Exxon shareholders recently asked a judge to throw out a lawsuit from the oil company which seeks to stop them from pushing the company to consider more environmentally friendly policies.
An overview of the filing in Bloomberg Law said, “[A plaintiff] said in its court filing that the lawsuit isn’t necessary because the proposal has been withdrawn, and both Arjuna and Follow This ‘have agreed not to resubmit the proposal or present it at any future Exxon shareholder meeting. In refusing to dismiss the case following the withdrawal, Exxon has laid bare its true intention—to challenge how the SEC interprets and applies its own proxy proposal rules, without actually confronting the SEC itself,’ the filing said.”
The oil giant, which filed the lawsuit in a Texas court against Arjuna Capital and Follow This, accused the investment firms of overstepping their role. Included in their proposal is a request for Exxon, which is the only Western oil giant without ‘scope 3’ targets, to set such targets and elevate the company’s climate disclosures to its full value chain.

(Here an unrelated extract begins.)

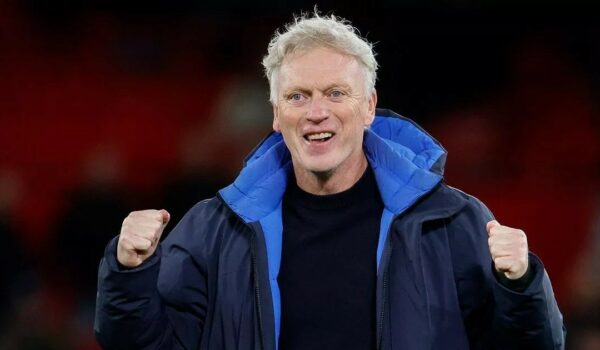 Đội đầu tiên trong lịch sử Premier League làm được điều không tưởng trước MU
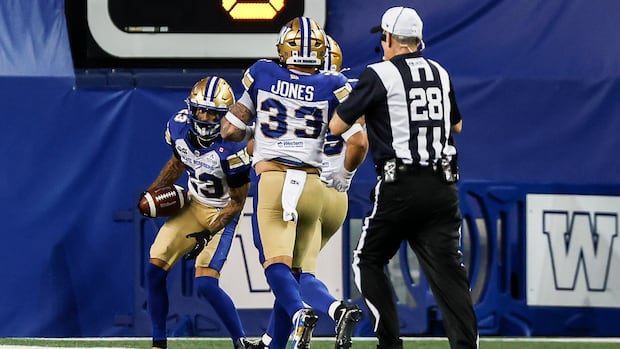 Vaval's return touchdown turns the tide for Blue Bombers in win over Argonauts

The article continues, “Shareholder activists at the Interfaith Center on Corporate Responsibility last week sent a letter to Exxon’s board asking members to convince the company’s management to end the lawsuit. The letter warned that the suit could set a dangerous precedent for future climate proposals.”
Background: Exxon is suing its own shareholders in an attempt to undermine responsible investing.
Bloomberg: Exxon Suit Seeks Novel Path to Block Shareholder Climate Votes. The Houston oil company is no stranger to pressure from activist investors over its greenhouse gas emissions, facing a shareholder push for greater climate impact targets for three consecutive years. Sunday it went a step further in fighting the pressure by suing activist shareholders Arjuna Capital and Follow This in federal court, hoping to kill the proposal. Some legal observers described the move as possibly the first time that a company has sued an activist investor over a shareholder proposal before initially filing an objection with the Securities and Exchange Commission, which routinely weighs in on whether companies should have to face certain investor bids. The lawsuit comes at the onset of another contentious proxy season over corporate climate goals, risks and disclosures. If a federal judge weighs in on broader environmental and social issues in the Exxon case, shareholder activism lawyers and researchers say, more companies could turn to the courts to beat back proposals on sensitive issues from climate risk to abortion access to gun sales.
Reuters: Activist investors fret over Exxon Mobil’s lawsuit bypassing US regulator. Investors that use shareholder resolutions to pressure companies on environmental and social issues said they are worried that an Exxon Mobil lawsuit bypassing the U.S. securities regulator could undermine their influence. Under appointees of U.S. President Joe Biden, the Securities and Exchange Commission (SEC) has made it more difficult for companies to prevent these resolutions from moving to a shareholder vote by appealing to the regulator. Exxon sidestepped the SEC and filed a lawsuit earlier this month against two shareholders that had put forward a resolution calling on the oil major to set new targets for reducing some of its greenhouse gas emissions.